Part of the city’s mandate includes public access to Biscayne Bay, he said – “a place where anyone is able to put a kayak into the water, whether or not they are associated with Shake-A-Leg.”
Growing up in Rhode Island, known as the Ocean State, Mr. Horgan developed a love of sailing. After an automobile accident left him paralyzed at the age of 22, he conceived of a program that would help others with disabilities experience a sense of freedom from their limitations through water sports.
On the advice of a doctor, he relocated to South Florida. Shake-A-Leg Miami officially launched in 1990, Mr. Horgan said, at the Columbus Day Regatta.
“We entered four boats in the fleet of 400,” he said, “and one of ours won. That brought us to the attention of a lot of people.”
Gradually, with grants from city and county bonds issues as well as funds raised in the private sector, Mr. Horgan says Shake-A-Leg was able to strengthen and expand its programs. A collaboration with Miami-Dade Public Schools, for example, led to a vocational program for students with disabilities.

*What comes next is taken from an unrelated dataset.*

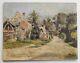 Village In Ruins And Abandoned Old Painting Oil On Beveled Wooden Panel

John Schuster, executive director of communications for the county school system, said Project Bridge – a transition program for students with disabilities sponsored by Nature Links Consortium – not only helps students with disabilities prepare for employment in marine science, boating and tourism, but also serves as vocational rehabilitation.

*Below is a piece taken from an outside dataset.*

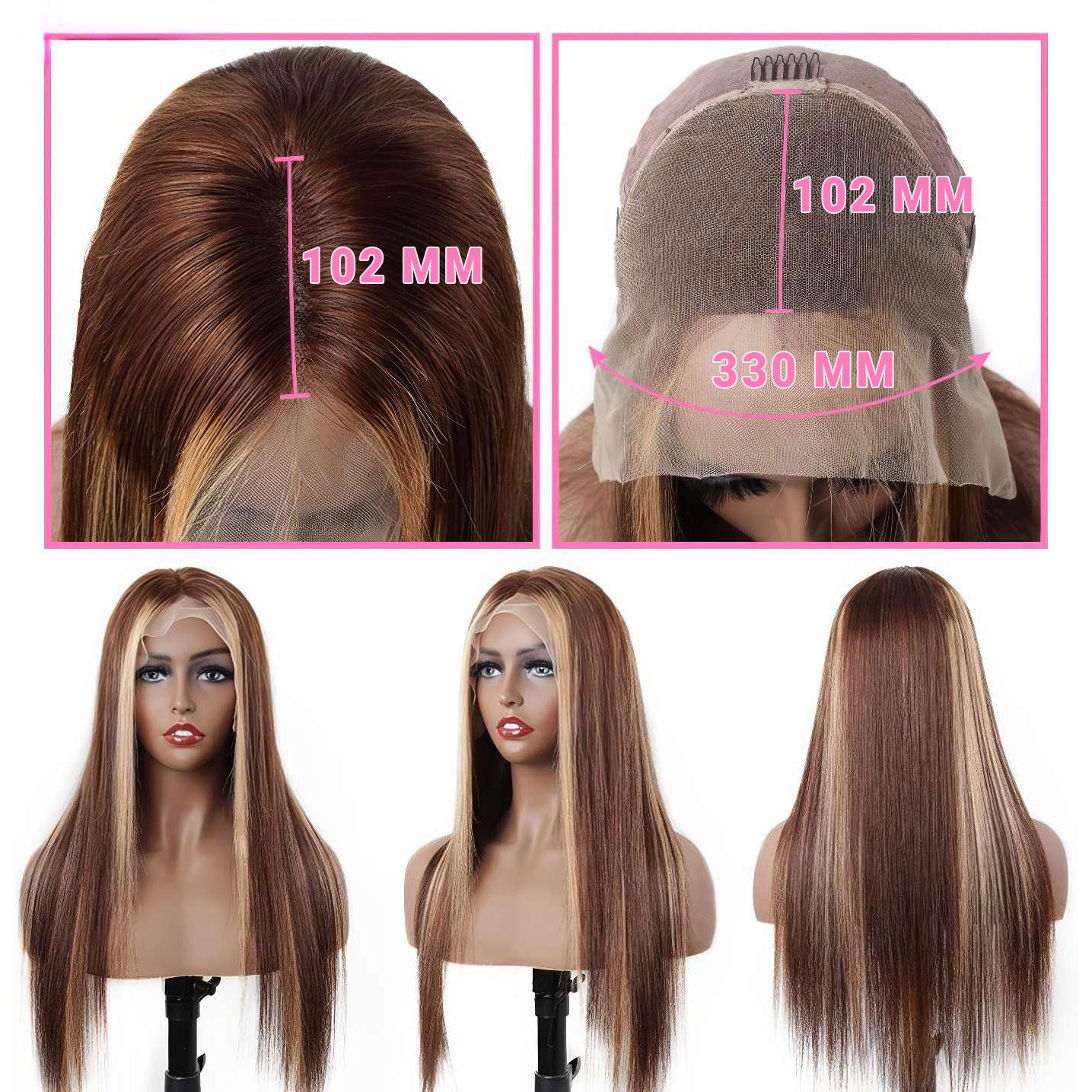 Перука довга з прямого штучного волосся омбре 70 см Каштановий з блондом - фото 5 Перука довга з прямого штучного волосся омбре 70 см Каштановий з блондом - фото 5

“When you get people out on the water and give them power over a boat,” he said, “it’s for a great learning opportunity and a very positive thing for our students.”
Mr. Horgan said Shake-A-Leg’s new marine vocational school serves veterans as well as graduating seniors with disabilities.
“In addition to the maintenance of our own fleet,” he said, “they are working on restoring a PT boat built in the 1940s that will be the flagship vessel for the vocational school training programs.”
Today, Mr. Horgan said, Shake-A-Leg’s fleet includes about 20 sailboats, 60 kayaks and many customized safety boats serving more than 8,800 people annually. Floating docks provide ultimate accessibility.
“Those in wheelchairs can transfer into a seat that gives them stability so they can focus on sailing,” he said. “We also have a replica of Hemingway’s fishing boat Pilar made by a boat builder in Rhode Island. He loans it to us to take out veterans.”
Shake-A-Leg, Commissioner Russell said, is also very active in environmental issues, such as the city-sponsored clean-up of Biscayne Bay coming up Sept. 21, the International Day of Peace. “They’re good stewards of the environment,” he said, “and a very good neighbor to have in the area. The residents really enjoy it.”
“The relationships we’ve established with schools, disability organizations and our philanthropic partners,” Mr. Horgan said, “have been built through the support of the community, and in turn we have shaped our vision to meet the needs of the community. As a result, Shake-A-Leg has become a national model of a public-private partnership to serve underserved groups of people.”